That said, one soft-drink company,

Jones Soda

(JSDA)

, has made investors some significant money. The stock appeared on our radar screen as a low-priced growth story that operates under the radar of Wall Street. Although our restrictions prevent us from adding a bulletin-board stock to the model portfolio, for those who can handle that additional risk the stock looks interesting at its recent quote of $4.73 for a small speculative position.
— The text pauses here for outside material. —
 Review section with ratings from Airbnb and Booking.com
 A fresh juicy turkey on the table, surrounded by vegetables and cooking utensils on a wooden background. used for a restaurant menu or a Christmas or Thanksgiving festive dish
Despite making its home on the bulletin board and being followed by only one analyst, Jones Soda shares have gained some 1,600% from a low of 26 cents a share set about two years ago. Jones' road to success began in 1996 when it transformed itself from a beverage distribution company into a branded bottling-and-distribution play. The company has a line of flavored premium soft-drinks, which range from Green Apple to Berry Lemonade, which have allowed the company to enter the soft-drink space without going head-to-head with Coke and Pepsi.

Jones has come a long way since the days when it would put out coolers of its soda at different sporting events and in fashion stores to build its brand value. The company is now working with vendors like

Starbucks

,

Barnes & Noble

and

Target

. Its most recent deal, which was signed March 10, is with

Kroger

and gives the world's largest food retailer a three-year exclusive manufacturing agreement and a one-year exclusive distribution agreement to sell Jones' soon-to-be-introduced Frozen Soda Pops.

These relationships have led to strong sales and earnings growth. On March 3, Jones turned in impressive fourth-quarter results with sales growing 56% on a year-over-year basis to $6.4 million, and earnings coming in at break-even vs. a year-ago loss of 1 cent a share. For the full year, the company earned 6 cents a share. In addition, gross margins have been trending higher, coming in at 35.7% in the fourth quarter of 2004 vs. 32.8% for the same period in 2003.

Despite the company's strong sales growth, Wall Street remains in the dark on the story. Only one analyst follows the stock at this point, and no other analysts were even registered as listeners to the company's fourth-quarter conference call.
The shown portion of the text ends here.